However, using Array.attach to add a proof that toc' is an element of subContent provides sufficient information for Lean to conclude that it terminates:

def ToC.asString (toc : ToC) : String :=
  let ⟨title, subContent⟩ := toc
  let under := subContent.attach.mapIdx fun i ⟨toc', elem⟩ =>
    prefixLines s!"{i.val + 1}." (" " ++ toc'.asString)
  s!"{title}{under.foldl (· ++ "\n" ++ ·) ""}"

List.attach and Array.attach have no run-time overhead in compiled code. The compiler erases proofs, and they are implemented with a special optimization that removes the traversal of the list.

User-Defined Options

Lean's options system allows users to configure various properties of Lean, such as the maximum recursion depth during tactic execution, whether to display tracing output, and how many columns to use when displaying output. The set of options is extensible, so user-defined tactics and other extensions can provide a consistent interface through the set_option command.

In prior versions of Lean, built-in options could additionally be configured by passing the -D flag to Lean on the command line or by setting the leanOptions field in lakefile.toml or lakefile.lean. In Lean 4.11, user-defined options can also be set this way.

By default, Lean validates option names from the command line, ensuring that they are defined. This helps avoid typos. To turn off this checking, prefix an option name with weak..

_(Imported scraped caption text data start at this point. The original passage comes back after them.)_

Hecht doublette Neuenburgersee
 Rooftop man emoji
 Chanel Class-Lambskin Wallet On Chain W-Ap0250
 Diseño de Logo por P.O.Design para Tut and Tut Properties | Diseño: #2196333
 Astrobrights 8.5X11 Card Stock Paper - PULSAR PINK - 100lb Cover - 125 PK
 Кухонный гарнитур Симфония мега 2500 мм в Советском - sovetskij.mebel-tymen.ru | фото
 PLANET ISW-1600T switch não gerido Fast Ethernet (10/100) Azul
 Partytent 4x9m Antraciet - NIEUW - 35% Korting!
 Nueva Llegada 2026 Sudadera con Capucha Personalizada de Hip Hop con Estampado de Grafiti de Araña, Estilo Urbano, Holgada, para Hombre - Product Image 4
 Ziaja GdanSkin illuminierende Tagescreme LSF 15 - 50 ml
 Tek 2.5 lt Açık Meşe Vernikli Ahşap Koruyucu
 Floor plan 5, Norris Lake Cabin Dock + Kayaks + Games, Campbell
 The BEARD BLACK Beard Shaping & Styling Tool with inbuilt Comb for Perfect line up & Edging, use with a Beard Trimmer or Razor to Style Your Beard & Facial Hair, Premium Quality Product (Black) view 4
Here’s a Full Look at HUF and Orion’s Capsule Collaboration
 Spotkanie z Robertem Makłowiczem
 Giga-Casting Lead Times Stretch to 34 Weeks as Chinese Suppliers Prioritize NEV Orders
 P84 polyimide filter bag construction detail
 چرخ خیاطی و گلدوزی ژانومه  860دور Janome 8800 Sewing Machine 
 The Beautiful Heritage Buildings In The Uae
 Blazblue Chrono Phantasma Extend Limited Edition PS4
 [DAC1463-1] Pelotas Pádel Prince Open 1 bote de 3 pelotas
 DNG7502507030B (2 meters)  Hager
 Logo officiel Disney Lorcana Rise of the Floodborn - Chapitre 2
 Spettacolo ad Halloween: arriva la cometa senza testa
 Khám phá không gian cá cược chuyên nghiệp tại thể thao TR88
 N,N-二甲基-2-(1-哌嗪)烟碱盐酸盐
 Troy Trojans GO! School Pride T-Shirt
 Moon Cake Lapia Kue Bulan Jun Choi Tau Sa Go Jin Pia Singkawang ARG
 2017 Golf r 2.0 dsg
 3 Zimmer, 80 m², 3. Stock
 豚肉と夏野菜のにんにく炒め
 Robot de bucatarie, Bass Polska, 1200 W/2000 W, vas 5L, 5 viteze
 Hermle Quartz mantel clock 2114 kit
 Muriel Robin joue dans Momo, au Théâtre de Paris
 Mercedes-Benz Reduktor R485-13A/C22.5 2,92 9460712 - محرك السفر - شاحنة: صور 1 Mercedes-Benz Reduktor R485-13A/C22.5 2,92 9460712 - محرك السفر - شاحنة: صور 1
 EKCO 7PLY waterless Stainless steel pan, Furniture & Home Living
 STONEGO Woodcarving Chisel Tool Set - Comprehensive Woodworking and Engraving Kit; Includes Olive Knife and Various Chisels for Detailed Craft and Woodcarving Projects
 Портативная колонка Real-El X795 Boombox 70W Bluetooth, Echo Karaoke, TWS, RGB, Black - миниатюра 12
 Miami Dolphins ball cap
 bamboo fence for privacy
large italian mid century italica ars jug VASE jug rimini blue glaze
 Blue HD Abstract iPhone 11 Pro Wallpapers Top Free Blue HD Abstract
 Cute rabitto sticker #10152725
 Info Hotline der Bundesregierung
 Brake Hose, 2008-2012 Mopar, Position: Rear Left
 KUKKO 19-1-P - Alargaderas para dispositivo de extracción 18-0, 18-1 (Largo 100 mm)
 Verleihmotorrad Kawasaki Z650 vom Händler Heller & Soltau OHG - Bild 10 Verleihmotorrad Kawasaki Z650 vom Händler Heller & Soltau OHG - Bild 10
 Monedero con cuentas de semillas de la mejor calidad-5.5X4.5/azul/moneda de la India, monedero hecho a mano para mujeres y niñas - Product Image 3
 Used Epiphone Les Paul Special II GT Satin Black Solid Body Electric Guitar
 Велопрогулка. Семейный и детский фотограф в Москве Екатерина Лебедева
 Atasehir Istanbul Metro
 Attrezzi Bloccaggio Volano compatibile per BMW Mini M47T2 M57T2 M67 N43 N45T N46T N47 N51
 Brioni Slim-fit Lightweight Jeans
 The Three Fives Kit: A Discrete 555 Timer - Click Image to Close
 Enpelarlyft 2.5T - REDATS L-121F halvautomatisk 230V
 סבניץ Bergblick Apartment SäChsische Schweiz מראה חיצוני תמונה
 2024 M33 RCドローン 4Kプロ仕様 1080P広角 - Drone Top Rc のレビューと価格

For example, if a user option for a custom tactic squish is named theorem_squisher.attempts, then

[[lean_lib]]
name = "AmbitiousProof"
leanOptions = { theorem_squisher.attempts = 40 }

will fail if theorem_squisher.attempts has not yet been defined, while

[[lean_lib]]
name = "AmbitiousProof"
leanOptions = { weak.theorem_squisher.attempts = 40 }

will not.

Safer Evaluation

Unlike many programming languages, Lean does not have a separate read-eval-print loop for interactive exploration. Instead, Lean expressions can be evaluated directly in the program text, without having to switch contexts, using the #eval command.

In previous versions of Lean, #eval had a difficult interaction with another Lean feature: to provide better feedback on a whole program, Lean continues to check a file even after errors have been encountered. In order for the rest of the file to make as much sense as possible, the errors are replaced with sorry.

The Lean compiler will not compile code that contains errors. However, in prior versions of Lean, #eval would run erroneous code. Because the sorry can occur as a replacement for a proof of some important property, such as array access being in-bounds or a function terminating, #eval could cause the compiler to crash or loop.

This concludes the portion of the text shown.